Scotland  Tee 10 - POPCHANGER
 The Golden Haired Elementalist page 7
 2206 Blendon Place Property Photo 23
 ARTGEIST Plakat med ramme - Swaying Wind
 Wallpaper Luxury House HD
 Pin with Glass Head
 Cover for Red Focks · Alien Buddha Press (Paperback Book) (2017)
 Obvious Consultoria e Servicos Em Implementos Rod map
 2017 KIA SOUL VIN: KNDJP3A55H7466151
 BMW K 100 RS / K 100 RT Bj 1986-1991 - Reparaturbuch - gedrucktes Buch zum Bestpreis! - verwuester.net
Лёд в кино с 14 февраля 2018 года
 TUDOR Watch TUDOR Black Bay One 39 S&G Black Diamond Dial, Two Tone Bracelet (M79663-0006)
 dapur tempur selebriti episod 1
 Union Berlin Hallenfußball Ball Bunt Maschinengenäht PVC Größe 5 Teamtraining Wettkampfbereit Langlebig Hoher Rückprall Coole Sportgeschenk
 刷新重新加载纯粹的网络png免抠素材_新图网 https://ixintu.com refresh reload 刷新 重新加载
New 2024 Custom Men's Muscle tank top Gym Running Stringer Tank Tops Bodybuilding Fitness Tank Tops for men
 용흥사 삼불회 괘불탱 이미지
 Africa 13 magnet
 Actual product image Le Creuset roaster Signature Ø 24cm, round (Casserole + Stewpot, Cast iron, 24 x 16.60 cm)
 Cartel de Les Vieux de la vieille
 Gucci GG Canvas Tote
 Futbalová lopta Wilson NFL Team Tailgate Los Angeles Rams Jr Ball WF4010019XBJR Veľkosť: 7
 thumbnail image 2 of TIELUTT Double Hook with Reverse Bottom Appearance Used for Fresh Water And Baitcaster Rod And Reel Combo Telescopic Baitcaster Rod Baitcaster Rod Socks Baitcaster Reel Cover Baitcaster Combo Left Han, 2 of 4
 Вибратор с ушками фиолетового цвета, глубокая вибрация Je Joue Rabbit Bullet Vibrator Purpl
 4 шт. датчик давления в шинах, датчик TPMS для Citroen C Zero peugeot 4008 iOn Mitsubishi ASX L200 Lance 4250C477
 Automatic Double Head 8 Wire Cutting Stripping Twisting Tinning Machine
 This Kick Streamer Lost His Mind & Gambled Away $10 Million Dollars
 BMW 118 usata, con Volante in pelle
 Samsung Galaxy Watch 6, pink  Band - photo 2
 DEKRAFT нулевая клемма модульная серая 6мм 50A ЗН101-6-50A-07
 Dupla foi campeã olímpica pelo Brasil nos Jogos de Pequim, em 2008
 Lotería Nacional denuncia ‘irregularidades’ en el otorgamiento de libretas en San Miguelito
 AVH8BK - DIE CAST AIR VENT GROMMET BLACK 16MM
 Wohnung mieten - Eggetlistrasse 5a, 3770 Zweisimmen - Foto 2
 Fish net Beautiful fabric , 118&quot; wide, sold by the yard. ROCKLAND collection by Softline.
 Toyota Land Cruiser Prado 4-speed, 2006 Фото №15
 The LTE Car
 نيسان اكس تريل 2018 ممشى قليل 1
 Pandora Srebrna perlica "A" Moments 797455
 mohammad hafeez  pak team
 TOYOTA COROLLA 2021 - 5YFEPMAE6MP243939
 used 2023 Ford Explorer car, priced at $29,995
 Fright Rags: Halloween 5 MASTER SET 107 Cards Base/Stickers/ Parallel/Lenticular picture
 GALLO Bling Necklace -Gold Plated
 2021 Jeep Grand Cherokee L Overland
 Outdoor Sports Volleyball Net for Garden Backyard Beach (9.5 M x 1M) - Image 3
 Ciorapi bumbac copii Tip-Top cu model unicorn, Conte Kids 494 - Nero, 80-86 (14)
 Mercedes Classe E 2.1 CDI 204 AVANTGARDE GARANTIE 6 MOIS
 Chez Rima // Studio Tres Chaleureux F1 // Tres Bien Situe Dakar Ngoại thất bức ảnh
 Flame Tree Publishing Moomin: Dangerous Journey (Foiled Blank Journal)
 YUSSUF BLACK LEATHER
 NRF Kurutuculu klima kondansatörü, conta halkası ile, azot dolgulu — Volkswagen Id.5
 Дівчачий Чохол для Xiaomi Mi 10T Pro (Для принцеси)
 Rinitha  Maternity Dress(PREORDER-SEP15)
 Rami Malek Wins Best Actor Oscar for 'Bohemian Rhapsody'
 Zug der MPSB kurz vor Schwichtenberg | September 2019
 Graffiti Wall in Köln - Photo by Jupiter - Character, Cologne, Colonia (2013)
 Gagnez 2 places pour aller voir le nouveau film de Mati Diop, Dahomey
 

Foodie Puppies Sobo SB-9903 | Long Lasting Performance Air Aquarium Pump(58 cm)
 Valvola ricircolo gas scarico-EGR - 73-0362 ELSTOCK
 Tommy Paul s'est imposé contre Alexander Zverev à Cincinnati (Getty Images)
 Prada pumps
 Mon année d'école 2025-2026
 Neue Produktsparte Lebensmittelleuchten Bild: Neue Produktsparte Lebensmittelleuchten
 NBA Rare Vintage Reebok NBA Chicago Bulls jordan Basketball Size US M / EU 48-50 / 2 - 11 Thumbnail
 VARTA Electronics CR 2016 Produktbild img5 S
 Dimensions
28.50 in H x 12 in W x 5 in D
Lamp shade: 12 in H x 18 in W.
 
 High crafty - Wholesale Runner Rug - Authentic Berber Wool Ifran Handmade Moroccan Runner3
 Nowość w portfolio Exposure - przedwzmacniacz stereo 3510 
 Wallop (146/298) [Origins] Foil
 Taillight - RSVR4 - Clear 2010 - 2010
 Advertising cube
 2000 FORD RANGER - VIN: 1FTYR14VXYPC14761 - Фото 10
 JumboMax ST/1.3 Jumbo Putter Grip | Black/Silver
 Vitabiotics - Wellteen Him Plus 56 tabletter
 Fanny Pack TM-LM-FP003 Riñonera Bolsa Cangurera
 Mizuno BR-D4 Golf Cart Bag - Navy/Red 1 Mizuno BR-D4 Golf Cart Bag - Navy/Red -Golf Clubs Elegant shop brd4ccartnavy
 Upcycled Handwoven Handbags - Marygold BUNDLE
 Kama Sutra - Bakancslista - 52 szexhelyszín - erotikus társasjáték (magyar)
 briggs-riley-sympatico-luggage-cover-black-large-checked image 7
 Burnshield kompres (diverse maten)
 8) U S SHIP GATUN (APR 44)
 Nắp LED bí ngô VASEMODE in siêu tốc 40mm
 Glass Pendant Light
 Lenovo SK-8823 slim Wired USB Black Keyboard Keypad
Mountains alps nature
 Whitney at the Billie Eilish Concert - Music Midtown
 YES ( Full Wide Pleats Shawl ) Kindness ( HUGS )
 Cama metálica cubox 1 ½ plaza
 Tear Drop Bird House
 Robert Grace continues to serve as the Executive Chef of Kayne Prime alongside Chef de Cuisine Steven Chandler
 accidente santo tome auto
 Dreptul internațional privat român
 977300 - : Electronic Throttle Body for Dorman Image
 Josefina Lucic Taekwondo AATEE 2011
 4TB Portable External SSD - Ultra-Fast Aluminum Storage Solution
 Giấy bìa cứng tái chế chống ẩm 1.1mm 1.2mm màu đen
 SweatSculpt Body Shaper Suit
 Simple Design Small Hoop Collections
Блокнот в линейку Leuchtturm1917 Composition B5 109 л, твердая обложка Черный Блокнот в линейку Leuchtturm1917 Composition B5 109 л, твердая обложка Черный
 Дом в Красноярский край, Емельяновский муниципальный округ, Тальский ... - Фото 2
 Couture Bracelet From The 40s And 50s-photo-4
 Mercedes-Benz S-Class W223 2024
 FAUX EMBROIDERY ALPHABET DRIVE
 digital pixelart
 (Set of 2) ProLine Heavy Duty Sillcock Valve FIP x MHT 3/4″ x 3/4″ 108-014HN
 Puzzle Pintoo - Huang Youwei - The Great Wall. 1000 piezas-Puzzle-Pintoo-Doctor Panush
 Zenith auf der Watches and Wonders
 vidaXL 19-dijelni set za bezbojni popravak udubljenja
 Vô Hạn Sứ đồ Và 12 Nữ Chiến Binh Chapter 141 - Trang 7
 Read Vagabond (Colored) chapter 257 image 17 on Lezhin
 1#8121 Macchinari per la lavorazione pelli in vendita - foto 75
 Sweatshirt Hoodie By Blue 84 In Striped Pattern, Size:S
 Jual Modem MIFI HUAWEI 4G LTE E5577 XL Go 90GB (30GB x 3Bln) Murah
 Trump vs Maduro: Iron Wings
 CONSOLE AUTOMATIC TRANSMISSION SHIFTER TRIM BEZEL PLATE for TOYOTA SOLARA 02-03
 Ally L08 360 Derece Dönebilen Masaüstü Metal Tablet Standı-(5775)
------------------------------------------------
### Directions for this task
Start with the line above that contains "Valvola ricircolo gas" and stop after the line that contains "977300 - : Electronic". Output those lines exactly, and only those.

### Result of this exercise
 Valvola ricircolo gas scarico-EGR - 73-0362 ELSTOCK
 Tommy Paul s'est imposé contre Alexander Zverev à Cincinnati (Getty Images)
 Prada pumps
 Mon année d'école 2025-2026
 Neue Produktsparte Lebensmittelleuchten Bild: Neue Produktsparte Lebensmittelleuchten
 NBA Rare Vintage Reebok NBA Chicago Bulls jordan Basketball Size US M / EU 48-50 / 2 - 11 Thumbnail
 VARTA Electronics CR 2016 Produktbild img5 S
 Dimensions
28.50 in H x 12 in W x 5 in D
Lamp shade: 12 in H x 18 in W.
 
 High crafty - Wholesale Runner Rug - Authentic Berber Wool Ifran Handmade Moroccan Runner3
 Nowość w portfolio Exposure - przedwzmacniacz stereo 3510 
 Wallop (146/298) [Origins] Foil
 Taillight - RSVR4 - Clear 2010 - 2010
 Advertising cube
 2000 FORD RANGER - VIN: 1FTYR14VXYPC14761 - Фото 10
 JumboMax ST/1.3 Jumbo Putter Grip | Black/Silver
 Vitabiotics - Wellteen Him Plus 56 tabletter
 Fanny Pack TM-LM-FP003 Riñonera Bolsa Cangurera
 Mizuno BR-D4 Golf Cart Bag - Navy/Red 1 Mizuno BR-D4 Golf Cart Bag - Navy/Red -Golf Clubs Elegant shop brd4ccartnavy
 Upcycled Handwoven Handbags - Marygold BUNDLE
 Kama Sutra - Bakancslista - 52 szexhelyszín - erotikus társasjáték (magyar)
 briggs-riley-sympatico-luggage-cover-black-large-checked image 7
 Burnshield kompres (diverse maten)
 8) U S SHIP GATUN (APR 44)
 Nắp LED bí ngô VASEMODE in siêu tốc 40mm
 Glass Pendant Light
 Lenovo SK-8823 slim Wired USB Black Keyboard Keypad
Mountains alps nature
 Whitney at the Billie Eilish Concert - Music Midtown
 YES ( Full Wide Pleats Shawl ) Kindness ( HUGS )
 Cama metálica cubox 1 ½ plaza
 Tear Drop Bird House
 Robert Grace continues to serve as the Executive Chef of Kayne Prime alongside Chef de Cuisine Steven Chandler
 accidente santo tome auto
 Dreptul internațional privat român
 977300 - : Electronic Throttle Body for Dorman Image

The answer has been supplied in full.